Problems with RNN | 100 Days of Deep Learning
Based on CampusX's video on YouTube. If you like this content, support the original creators by watching, liking and subscribing to their content.
Vanilla RNNs struggle on long sequences because gradients from far-back time steps shrink (vanishing gradients), making learning rely mostly on recent inputs.
Briefing
RNNs struggle with two training failures that get worse as sequences get longer: long-term dependency learning breaks down, and gradients can become unstable during backpropagation through time. Those twin problems explain why more gated architectures like LSTMs became necessary—and why vanilla RNNs aren’t widely used for tasks that require remembering information across many time steps.

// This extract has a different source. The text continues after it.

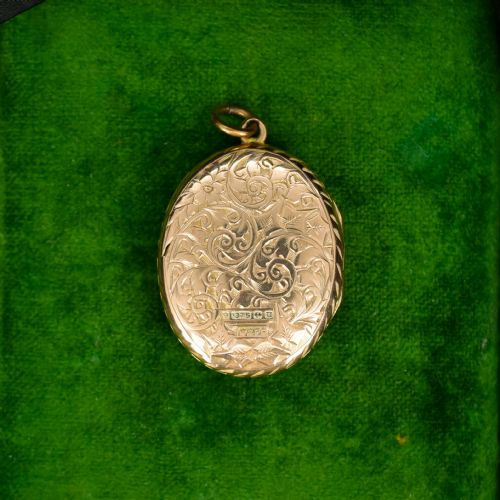 ANTIQUE 9CT GOLD ENGRAVED FANCY OVAL SHIELD LOCKET PENDANT DATED 1919 - ADDITIONAL PHOTO 2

The first issue is the long-term dependency problem. In sequential data, later outputs depend on earlier inputs—think of language where the next word depends on context from far back. But when an RNN is trained with backpropagation through time, the influence of distant time steps on the loss shrinks. The mechanism is tied to vanishing gradients: during gradient computation, the contribution from far-back dependencies becomes extremely small, so learning mostly reflects recent inputs. A practical example given is next-word prediction in Marathi: the word “beautiful place” depends on earlier context, yet an RNN can effectively “forget” older information because it can’t propagate useful error signals across many steps.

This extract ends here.